Where did your story come from? is a question I often ask editing clients. Knowing the writer’s first idea spark can help me see places where the train of writing goals aligns with or runs off the rails. But it also offers me a hint of something writers themselves may not be aware of—the story’s thematic engine.
Writers often mention an emotional event behind this inciting inspiration—something they saw/felt/lived through/overheard. Often, it’s something that to most people would seem unremarkable, but for them, worked like the grains of sand that inspire entire pearls.
What turns one person’s rock into another’s gemstone is a glint of thematic resonance with their own life story. Often, we’re not aware of this consciously.
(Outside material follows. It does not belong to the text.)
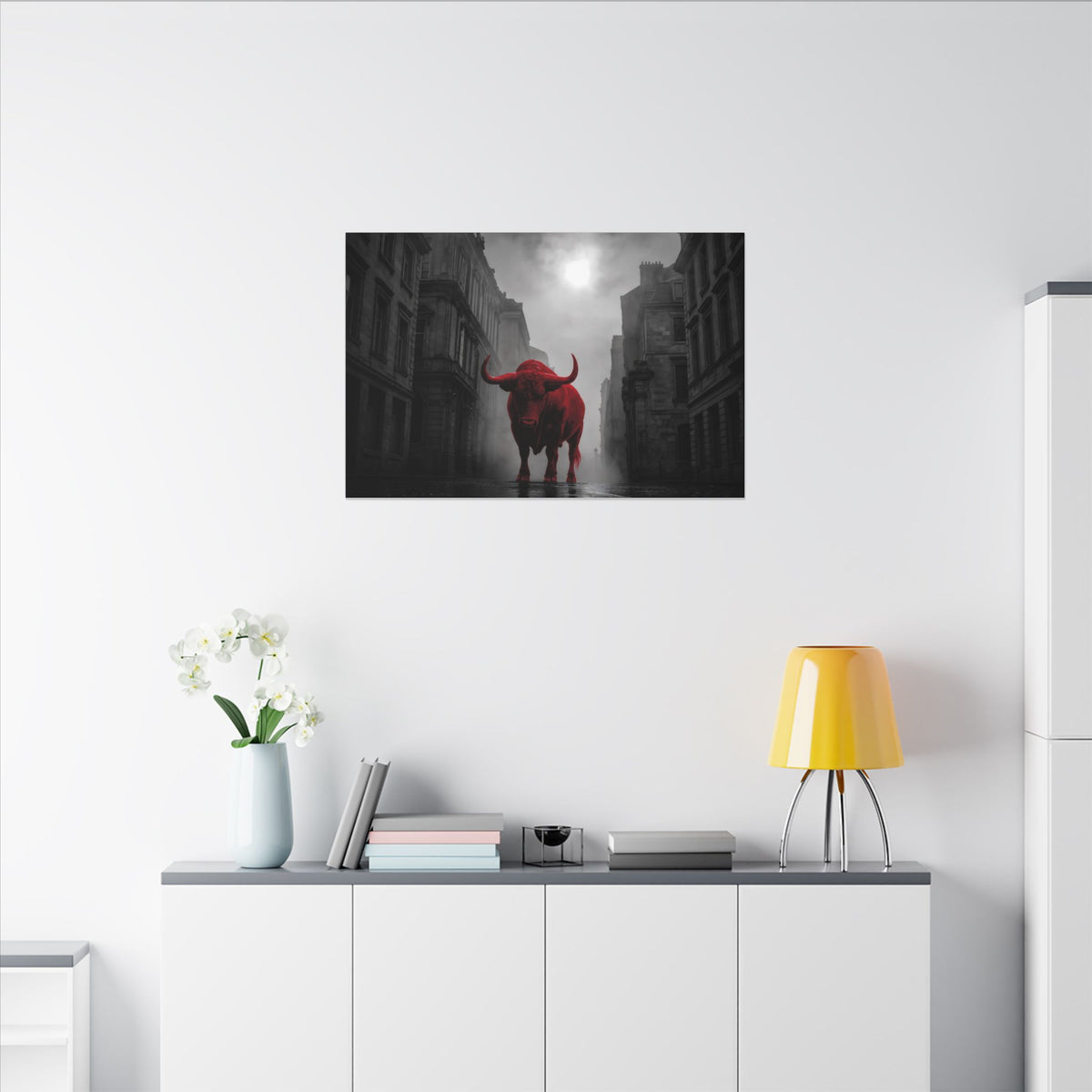 The Bull - Business Wall Art | Canvas (Landscape)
All we know is that this snippet of overheard conversation, or that sighting of a damaged butterfly sticks so persistently it must become story.
"The story must strike a nerve — in me. My heart should start pounding when I hear the first line in my head. I start trembling at the risk." Writer Susan Sontag.
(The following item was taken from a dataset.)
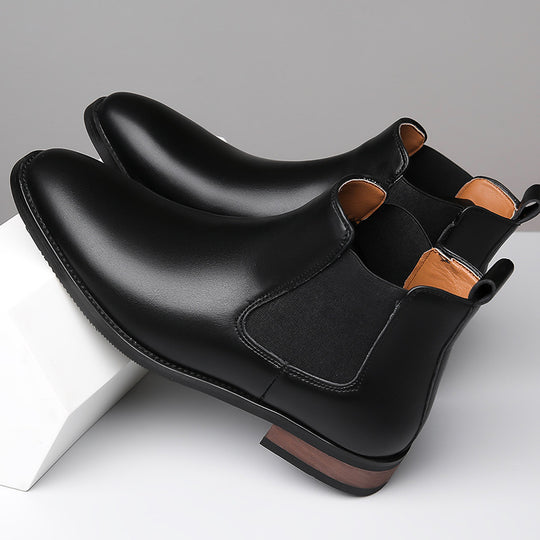 Elegante Herren-Chelsea-Boots, Lederoptik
But sometimes, finding the real beating heart of the inspiration takes a bit of digging. The fundamental seed of my middle grade novel Viva, Rose!, came from a childhood memory of seeing a colorful Mexican serape draped over a chair in a bedroom of my great Aunt Hannah’s house in Bensonhurst Brooklyn. Eventually, I realized the serape had to be connected to stories I’d been told about my grandfather’s cousins Rose and Abe who lived in San Antonio Texas. Rose had a lovely singing voice and flaming red hair, and her brother Abe dressed like a cowboy, pool-sharked the locals at the billiard hall, and in his early twenties, defied the restrictions of his Russian immigrant orthodox Jewish family to ride with Pancho Villa’s gang during the Mexican Revolution.
A cowboy relative who’d chosen a life of radical adventure was fun to wonder about. Many years later, I gave my sister a T-shirt with a picture of Pancho Villa’s gang on it, and we joked about which bandito might be our cousin. And then she came back from a trip to Texas with a copy of an article she’d found in a San Antonio library about Abe himself that confirmed our family legends and created some new ones as well.
It was the first story idea I’d ever had that told me it had to be written as a novel. But it wasn’t until I realized that a youthful Rose had to be the protagonist that I was finally able to write it.
So the glimpse of the serape was where this story came from, and the larger-than-life tales of western cousins. But from my down-the-road perspective, I’ve realized that the real reason this idea stuck and grew was the story of personal definition and self-actualization it represented. That’s also why the story didn’t really move for me until I streamed it through Rose. As the younger sibling, she was still tied to her parents’ rules and boundaries as she watched her brother gallop off. In spite of the fact that Abe physically risked his life, she was actually the character with the highest emotional stakes and biggest potential growth arc (essential qualities, btw, for a story’s protagonist).
I don’t think it’s a coincidence that the theme of self-definition appears in some form in every work of fiction I’ve ever written. And if you look over your own work, I bet you’ll also be able to see the glint of your own special thematic resonance shining within them as well.